From the Missouri Conservationist Magazine
May 2018 Issue

Get Outside

Ways to connect with nature.

Peek-a-boo

Opossum young begin emerging from their mother’s pouch.

Location, location, location

Got some new neighbors of the fine-feathered variety? If so, it’s not surprising this time of year. Bird nesting is at its peak. Look for meadowlarks, robins, orioles, bobolinks, and eastern bluebirds building new homes.

Nature’s chorus

Two species of frogs are out and calling in chorus. The cricket frog’s call sounds like small pebbles being struck rapidly together. Not to be outdone is the gray treefrog, which has a musical, birdlike trill.

Northwest Region Outdoor Skills Camp: Introduction to Archery

Thursday, May 24 • 6–7:30 p.m. Pigeon Hill Conservation Area 701 James McCarthy Drive, St. Joseph, MO 64507 Registration required, call 816-271-3100 Ages 12–18.

New to archery? This is the class for you! Bows, arrows, and targets will be provided. Anyone under 15 must be accompanied by an adult.

Southeast Region Endangered Species: The Hidden Gems of Missouri

Saturday, May 19 • 1–2:30 p.m. Cape Girardeau Conservation Nature Center 2289 County Park Drive, Cape Girardeau, MO 63701 No registration required, call 573-290-5218 for information | All ages.
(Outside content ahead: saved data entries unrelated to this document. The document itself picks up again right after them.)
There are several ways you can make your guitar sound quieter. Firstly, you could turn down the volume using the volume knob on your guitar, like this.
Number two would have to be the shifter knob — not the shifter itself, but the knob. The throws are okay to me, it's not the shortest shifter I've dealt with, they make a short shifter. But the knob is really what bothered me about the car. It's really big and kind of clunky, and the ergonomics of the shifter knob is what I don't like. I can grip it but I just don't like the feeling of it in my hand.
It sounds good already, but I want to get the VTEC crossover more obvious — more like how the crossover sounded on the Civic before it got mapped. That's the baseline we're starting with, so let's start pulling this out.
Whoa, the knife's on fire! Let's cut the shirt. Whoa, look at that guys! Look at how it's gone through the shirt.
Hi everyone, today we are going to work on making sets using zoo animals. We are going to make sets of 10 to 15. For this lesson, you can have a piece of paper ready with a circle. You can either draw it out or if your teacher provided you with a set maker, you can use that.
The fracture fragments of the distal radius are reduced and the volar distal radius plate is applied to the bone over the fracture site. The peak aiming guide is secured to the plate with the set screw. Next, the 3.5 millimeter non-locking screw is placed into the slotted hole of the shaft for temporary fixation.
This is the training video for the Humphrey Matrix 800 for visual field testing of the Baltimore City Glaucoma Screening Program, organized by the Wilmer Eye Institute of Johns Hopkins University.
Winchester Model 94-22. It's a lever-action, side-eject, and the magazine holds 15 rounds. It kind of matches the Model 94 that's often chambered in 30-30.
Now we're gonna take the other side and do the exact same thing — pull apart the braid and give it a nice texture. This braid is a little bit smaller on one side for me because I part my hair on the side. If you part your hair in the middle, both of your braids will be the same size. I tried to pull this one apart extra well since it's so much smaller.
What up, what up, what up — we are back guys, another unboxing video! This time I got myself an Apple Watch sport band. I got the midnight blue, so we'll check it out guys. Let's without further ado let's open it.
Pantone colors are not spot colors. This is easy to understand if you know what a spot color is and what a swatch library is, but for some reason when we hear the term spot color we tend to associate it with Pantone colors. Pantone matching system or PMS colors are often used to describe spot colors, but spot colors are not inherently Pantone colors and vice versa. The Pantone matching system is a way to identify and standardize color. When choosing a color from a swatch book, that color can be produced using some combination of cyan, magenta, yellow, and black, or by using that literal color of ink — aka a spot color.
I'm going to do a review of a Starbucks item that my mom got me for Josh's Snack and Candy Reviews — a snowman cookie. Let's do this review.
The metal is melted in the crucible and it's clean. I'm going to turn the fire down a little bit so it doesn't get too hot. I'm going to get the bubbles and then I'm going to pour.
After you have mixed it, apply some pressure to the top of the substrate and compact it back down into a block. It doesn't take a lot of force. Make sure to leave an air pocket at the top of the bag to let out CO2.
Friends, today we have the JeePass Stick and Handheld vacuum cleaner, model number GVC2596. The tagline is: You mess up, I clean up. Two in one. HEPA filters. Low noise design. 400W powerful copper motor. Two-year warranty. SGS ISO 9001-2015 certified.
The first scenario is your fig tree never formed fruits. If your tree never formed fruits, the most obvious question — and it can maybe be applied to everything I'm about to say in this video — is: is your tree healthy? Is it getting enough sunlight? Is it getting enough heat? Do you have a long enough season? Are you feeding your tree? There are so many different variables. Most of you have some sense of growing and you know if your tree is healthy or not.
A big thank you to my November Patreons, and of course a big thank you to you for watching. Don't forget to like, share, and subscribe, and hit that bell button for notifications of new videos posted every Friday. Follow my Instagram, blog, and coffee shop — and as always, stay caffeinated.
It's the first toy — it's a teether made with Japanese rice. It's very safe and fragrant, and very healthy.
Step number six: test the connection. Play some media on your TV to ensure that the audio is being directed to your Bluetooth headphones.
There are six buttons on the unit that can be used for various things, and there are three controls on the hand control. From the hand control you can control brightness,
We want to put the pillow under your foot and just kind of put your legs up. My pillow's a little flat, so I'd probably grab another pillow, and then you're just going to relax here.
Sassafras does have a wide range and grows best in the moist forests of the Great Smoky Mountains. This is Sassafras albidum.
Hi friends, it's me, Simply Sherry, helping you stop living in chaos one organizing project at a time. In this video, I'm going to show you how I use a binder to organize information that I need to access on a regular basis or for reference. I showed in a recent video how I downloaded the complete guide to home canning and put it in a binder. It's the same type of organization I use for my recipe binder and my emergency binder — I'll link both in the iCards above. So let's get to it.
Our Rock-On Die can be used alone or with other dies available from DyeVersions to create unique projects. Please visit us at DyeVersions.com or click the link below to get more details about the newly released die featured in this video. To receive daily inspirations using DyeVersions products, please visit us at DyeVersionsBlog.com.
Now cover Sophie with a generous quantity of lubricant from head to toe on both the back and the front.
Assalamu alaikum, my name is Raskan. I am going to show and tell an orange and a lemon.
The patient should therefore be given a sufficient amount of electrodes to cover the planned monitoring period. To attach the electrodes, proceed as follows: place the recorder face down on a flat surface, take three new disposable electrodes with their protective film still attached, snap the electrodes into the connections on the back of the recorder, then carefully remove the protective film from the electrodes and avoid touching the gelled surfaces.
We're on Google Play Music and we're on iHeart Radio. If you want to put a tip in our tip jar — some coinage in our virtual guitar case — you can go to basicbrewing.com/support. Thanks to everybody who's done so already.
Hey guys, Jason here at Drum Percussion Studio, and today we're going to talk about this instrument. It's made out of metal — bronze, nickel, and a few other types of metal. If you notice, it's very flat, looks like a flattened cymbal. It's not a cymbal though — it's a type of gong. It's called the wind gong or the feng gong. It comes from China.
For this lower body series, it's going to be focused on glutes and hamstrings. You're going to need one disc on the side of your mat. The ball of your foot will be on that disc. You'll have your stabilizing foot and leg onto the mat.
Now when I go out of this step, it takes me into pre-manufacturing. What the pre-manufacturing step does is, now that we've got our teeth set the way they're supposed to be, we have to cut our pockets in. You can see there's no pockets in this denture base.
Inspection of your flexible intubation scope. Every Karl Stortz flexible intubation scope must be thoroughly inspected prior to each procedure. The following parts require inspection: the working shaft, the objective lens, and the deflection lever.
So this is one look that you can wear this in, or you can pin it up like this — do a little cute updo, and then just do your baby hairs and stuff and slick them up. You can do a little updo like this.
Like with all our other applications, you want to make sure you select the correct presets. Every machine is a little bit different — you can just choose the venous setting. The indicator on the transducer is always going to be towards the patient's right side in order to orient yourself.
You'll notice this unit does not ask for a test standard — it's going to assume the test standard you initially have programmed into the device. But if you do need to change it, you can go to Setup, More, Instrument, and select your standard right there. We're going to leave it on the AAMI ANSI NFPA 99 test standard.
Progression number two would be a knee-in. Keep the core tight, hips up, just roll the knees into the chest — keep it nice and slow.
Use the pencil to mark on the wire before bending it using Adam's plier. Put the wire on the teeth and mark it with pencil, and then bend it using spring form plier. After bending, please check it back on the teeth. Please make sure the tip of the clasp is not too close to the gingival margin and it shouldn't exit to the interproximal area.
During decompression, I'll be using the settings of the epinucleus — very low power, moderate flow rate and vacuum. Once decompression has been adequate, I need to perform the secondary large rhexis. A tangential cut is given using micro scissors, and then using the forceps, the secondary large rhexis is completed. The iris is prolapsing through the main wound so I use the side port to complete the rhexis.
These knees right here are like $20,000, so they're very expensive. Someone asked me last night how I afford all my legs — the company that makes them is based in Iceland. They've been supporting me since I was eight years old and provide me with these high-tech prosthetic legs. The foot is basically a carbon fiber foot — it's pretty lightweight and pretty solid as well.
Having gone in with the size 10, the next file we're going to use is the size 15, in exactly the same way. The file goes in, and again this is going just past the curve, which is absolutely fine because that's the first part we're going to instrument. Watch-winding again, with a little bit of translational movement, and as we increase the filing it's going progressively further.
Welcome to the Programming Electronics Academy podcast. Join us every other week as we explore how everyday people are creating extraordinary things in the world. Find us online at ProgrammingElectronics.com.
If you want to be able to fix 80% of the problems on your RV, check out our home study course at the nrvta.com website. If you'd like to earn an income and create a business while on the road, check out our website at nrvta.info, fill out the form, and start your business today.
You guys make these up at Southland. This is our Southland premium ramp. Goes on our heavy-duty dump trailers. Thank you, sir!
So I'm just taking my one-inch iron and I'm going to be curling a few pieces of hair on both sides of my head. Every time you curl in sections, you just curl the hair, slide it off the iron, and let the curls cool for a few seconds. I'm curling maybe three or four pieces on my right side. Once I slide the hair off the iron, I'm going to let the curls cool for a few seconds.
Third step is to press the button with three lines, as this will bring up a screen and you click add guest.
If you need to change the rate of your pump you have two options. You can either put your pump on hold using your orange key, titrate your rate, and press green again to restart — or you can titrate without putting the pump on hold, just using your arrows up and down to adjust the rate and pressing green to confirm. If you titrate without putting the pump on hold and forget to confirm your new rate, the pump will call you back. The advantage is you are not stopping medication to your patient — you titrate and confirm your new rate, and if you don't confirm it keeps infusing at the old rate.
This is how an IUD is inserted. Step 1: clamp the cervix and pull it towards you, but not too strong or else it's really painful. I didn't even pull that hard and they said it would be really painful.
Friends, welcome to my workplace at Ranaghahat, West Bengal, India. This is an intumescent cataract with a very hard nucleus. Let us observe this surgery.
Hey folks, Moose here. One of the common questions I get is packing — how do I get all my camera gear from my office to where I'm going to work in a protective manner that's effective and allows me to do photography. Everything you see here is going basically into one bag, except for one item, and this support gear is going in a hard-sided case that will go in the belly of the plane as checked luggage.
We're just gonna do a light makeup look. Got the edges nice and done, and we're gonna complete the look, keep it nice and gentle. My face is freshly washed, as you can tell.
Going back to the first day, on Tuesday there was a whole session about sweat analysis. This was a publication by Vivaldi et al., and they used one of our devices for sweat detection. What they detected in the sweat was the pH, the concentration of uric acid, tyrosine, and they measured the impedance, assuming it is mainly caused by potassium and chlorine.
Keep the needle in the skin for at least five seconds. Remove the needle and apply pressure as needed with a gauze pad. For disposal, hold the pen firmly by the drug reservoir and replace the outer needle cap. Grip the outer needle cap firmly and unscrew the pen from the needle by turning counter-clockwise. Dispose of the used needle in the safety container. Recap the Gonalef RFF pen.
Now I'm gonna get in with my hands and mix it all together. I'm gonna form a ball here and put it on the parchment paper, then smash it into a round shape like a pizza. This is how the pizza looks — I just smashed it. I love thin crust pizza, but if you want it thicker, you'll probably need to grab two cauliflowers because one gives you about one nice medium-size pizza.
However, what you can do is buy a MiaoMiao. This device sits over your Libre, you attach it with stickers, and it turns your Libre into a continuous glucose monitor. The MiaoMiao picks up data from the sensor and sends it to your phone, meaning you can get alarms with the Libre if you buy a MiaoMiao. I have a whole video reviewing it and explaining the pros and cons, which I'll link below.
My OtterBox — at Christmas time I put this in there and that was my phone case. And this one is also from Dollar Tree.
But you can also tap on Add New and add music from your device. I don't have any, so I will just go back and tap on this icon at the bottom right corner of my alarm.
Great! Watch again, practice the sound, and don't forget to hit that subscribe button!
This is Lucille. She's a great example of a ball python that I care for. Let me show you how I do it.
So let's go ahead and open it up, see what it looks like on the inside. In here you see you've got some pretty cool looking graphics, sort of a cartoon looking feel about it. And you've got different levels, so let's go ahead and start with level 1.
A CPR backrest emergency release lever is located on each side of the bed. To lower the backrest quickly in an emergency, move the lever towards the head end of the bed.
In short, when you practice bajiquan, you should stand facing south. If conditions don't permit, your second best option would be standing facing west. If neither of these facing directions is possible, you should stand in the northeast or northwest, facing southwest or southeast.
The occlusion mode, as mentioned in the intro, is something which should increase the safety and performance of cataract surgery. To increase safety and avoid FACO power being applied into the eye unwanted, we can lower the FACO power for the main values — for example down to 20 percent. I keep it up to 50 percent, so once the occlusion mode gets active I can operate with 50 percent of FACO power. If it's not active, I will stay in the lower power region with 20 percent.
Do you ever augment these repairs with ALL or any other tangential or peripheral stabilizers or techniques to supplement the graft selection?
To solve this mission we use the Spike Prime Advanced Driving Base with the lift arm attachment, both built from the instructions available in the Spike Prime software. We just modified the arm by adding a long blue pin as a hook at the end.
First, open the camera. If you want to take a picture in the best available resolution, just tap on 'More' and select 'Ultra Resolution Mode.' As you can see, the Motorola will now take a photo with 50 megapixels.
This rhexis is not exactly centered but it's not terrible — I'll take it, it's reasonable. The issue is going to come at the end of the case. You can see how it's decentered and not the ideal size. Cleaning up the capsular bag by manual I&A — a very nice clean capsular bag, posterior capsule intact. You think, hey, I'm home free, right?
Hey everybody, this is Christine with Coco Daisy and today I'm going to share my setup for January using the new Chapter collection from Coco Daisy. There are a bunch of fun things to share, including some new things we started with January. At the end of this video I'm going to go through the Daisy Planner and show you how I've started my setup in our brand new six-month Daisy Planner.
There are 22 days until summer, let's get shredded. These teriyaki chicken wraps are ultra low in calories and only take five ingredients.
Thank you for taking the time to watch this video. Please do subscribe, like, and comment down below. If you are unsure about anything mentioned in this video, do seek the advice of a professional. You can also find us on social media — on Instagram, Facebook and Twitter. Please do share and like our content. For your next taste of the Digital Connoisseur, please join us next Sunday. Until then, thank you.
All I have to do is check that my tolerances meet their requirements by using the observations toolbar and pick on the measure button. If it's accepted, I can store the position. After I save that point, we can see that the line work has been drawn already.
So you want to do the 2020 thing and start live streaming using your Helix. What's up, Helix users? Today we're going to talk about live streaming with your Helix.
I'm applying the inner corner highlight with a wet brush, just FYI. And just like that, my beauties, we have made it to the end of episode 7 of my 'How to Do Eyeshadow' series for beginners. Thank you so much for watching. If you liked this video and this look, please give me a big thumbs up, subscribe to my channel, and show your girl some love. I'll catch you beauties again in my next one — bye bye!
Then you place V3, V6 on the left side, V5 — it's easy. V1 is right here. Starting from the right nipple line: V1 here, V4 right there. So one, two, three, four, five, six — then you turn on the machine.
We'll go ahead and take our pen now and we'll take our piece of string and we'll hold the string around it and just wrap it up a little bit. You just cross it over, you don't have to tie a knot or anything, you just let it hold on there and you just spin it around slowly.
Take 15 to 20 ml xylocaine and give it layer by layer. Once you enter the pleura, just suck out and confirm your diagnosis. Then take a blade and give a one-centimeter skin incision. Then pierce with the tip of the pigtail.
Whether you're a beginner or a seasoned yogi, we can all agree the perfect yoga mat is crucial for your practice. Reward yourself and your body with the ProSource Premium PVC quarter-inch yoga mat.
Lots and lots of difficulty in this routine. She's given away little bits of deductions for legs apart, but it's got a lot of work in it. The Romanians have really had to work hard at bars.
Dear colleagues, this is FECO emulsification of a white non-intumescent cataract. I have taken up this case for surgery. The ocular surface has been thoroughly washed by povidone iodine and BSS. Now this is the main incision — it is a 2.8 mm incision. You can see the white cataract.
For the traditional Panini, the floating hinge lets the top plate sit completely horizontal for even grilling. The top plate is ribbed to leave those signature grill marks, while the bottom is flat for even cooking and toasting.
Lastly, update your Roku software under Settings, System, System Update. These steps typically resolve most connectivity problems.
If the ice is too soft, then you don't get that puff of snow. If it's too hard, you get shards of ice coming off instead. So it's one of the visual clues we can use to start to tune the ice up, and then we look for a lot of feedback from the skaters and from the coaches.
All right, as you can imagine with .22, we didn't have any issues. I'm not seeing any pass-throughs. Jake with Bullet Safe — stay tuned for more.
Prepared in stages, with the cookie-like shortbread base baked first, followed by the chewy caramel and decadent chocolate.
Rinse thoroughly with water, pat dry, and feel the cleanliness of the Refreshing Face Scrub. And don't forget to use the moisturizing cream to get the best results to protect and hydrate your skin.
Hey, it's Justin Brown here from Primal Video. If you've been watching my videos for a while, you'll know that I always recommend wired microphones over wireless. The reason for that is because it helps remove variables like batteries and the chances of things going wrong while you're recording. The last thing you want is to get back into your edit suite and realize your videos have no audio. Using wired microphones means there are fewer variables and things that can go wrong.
Missouri is home to many different species of plants, but some are classified as endangered or rare. Join a naturalist in learning about some of Missouri’s uncommon gems and their place in our natural landscapes.

Enjoy the light show

Fireflies — or lightning bugs —set the night sky aglow on warm evenings.

In full bloom

Missouri’s landscape is in bloom this time of year. Find the large yellow flowers of Missouri primrose on Ozark glades. The purple blooms of the coneflower and the bright yellow heads of tickseed coreopsis dot the prairies and roadsides. What native flowers can you find?’

Natural Events to See This Month

Here’s what’s going on in the natural world.

  • Ringnecked pheasant crowing at its peak
  • Carpenter bees lay eggs in wood
  • Common nighthawks flit over cities eating
  • insects at dusk
  • Black bears eat grass and other plants to reactivate their digestive systems
  • Bluegill begin spawning

Discover Nature on the Great Missouri Birding Trail

Strap on your binoculars, grab your field guide, and head out for an exciting day of birding.
The Great Missouri Birding Trail is an online interactive map of the best places to bird in the state to introduce new and seasoned birders to over 335 bird species that annually visit Missouri. Let’s go birding!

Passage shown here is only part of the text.